Müssen die Schüler einen Corona-Test machen?

Nein, es gibt keine Testpflicht. Ab 18. Januar werden aber freiwillige, kostenlose Tests angeboten – vorerst für die Abschlussklassen und die Lehrkräfte an den betroffenen Schulen. Sollten die Schulen nach den Winterferien im Wechselmodell wieder öffnen, können sich Schülerinnen und Schüler ab der Klassenstufe 7 und das Personal einmal testen lassen. Das Angebot gilt auch für freie Schulträger. Die einmaligen Tests sollen sicherstellen, „dass nach der langen Zeit des Lockdowns nur gesunde Personen die Schulen besuchen“, sagte Kultusminister Christian Piwarz (CDU).

Warum werden Grundschüler nicht getestet?

Bei jüngeren Kindern seien Ergebnisse von Antigen-Tests nicht vertrauenswürdig, teilt das Kultusministerium mit. Die Sensitivität der Antigen-Tests nehme mit sinkendem Alter ab. "Wissenschaftler empfehlen daher, mit den Tests erst ab der 8. Klassenstufe zu beginnen", teilt das Ministerium mit. Sachsen hat sich dazu entschieden, bereits ab der 7. Klasse zu beginnen.

Wie sollen die Corona-Tests ablaufen?

Die Corona-Schnelltests werden vom Deutschen Roten Kreuz und den Hilfsorganisationen Arbeiter-Samariter-Bund, Johanniter-Unfall-Hilfe, Malteser Hilfsdienst und DLRG durchgeführt. Lehrkräfte unterstützen die Test-Teams. Die Tests finden in etwa 100 ausgewählten Schulen zeitlich gestaffelt statt. Dafür wurden die Schulen lokal aufgeteilt und jeder Einrichtung wurde eine Testschule zugeordnet. „Darüber, wann und wo die Tests durchgeführt werden, informiert die jeweilige Schule“, so das Ministerium. Zudem sollen mobile Teams zum Einsatz kommen, die etwa Schulen in ländlichen Regionen anfahren.

Was ist, wenn ein Test positiv ausfällt?

Gearbeitet wird mit Antigen-Tests. Ein Testergebnis liegt in der Regel nach 20 Minuten vor. Positiv getestete Schülerinnen und Schüler werden isoliert und müssen von ihren Eltern abgeholt werden. Sie müssen in häusliche Quarantäne gehen und sollten Kontakt mit dem Hausarzt oder dem zuständigen Gesundheitsamt aufnehmen. Eine Teilnahme am Präsenzunterricht ist dann nicht möglich.
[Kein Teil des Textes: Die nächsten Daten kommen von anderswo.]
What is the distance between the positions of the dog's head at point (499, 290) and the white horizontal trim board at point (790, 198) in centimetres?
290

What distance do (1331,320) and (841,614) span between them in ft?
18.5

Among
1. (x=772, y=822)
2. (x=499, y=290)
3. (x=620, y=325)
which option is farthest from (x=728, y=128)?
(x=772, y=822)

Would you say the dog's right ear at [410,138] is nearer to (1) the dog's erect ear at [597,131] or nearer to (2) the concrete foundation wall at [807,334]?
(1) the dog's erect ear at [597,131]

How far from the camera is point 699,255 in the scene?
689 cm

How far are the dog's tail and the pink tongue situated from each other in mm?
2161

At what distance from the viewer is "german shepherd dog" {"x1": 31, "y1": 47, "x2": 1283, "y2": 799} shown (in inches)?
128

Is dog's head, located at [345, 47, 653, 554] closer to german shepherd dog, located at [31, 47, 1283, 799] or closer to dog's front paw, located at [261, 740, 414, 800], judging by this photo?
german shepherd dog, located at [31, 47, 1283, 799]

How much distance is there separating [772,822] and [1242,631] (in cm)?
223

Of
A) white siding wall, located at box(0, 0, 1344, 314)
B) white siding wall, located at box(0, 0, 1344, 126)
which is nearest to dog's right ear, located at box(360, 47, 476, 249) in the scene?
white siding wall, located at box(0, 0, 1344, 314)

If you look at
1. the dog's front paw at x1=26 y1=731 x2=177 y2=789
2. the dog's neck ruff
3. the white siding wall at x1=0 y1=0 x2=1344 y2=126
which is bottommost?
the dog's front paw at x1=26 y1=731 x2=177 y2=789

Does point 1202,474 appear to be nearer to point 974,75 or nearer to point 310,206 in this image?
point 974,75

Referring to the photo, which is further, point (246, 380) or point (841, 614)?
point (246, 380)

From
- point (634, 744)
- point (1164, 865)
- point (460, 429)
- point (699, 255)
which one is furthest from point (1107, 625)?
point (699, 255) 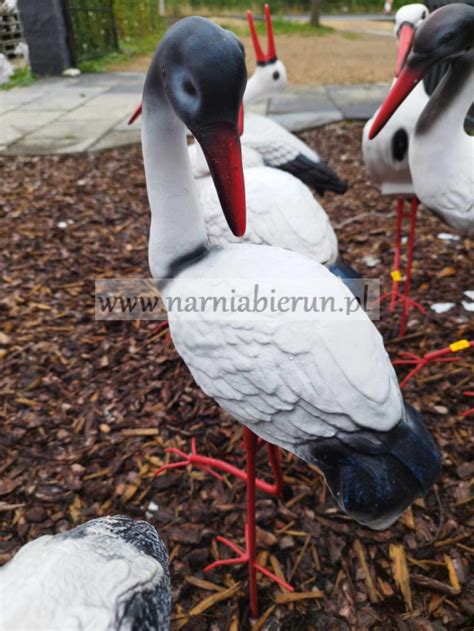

Werden auch Erzieher in Kitas getestet?

Ja. Das gesamte pädagogische Personal an Kindertageseinrichtungen kann sich einmalig kostenlos testen lassen. Die Erzieherinnen und Erzieher sollen sich dazu an die niedergelassenen Hausärzte wenden. Lehrerinnen und Lehrer öffentlicher Schulen können sich auch weiterhin einmal wöchentlich beim Hausarzt testen lassen. Das Angebot gibt es schon seit dem Frühjahr.

Wie soll der Unterricht an den Schulen stattfinden?

Die Schulen brauchen wie schon vorher Hygienekonzepte. Wenn die Mindestabstände nicht eingehalten werden können, sollen die Klassen geteilt werden – ein Französisch Leistungskurs mit 10 Kursteilnehmern muss also nicht zwingend geteilt werden, wenn der Raum groß genug ist und die Abstände gewahrt werden, heißt es. Unterrichtet werden nur die Fächer, die für die Abschlussprüfungen relevant sind.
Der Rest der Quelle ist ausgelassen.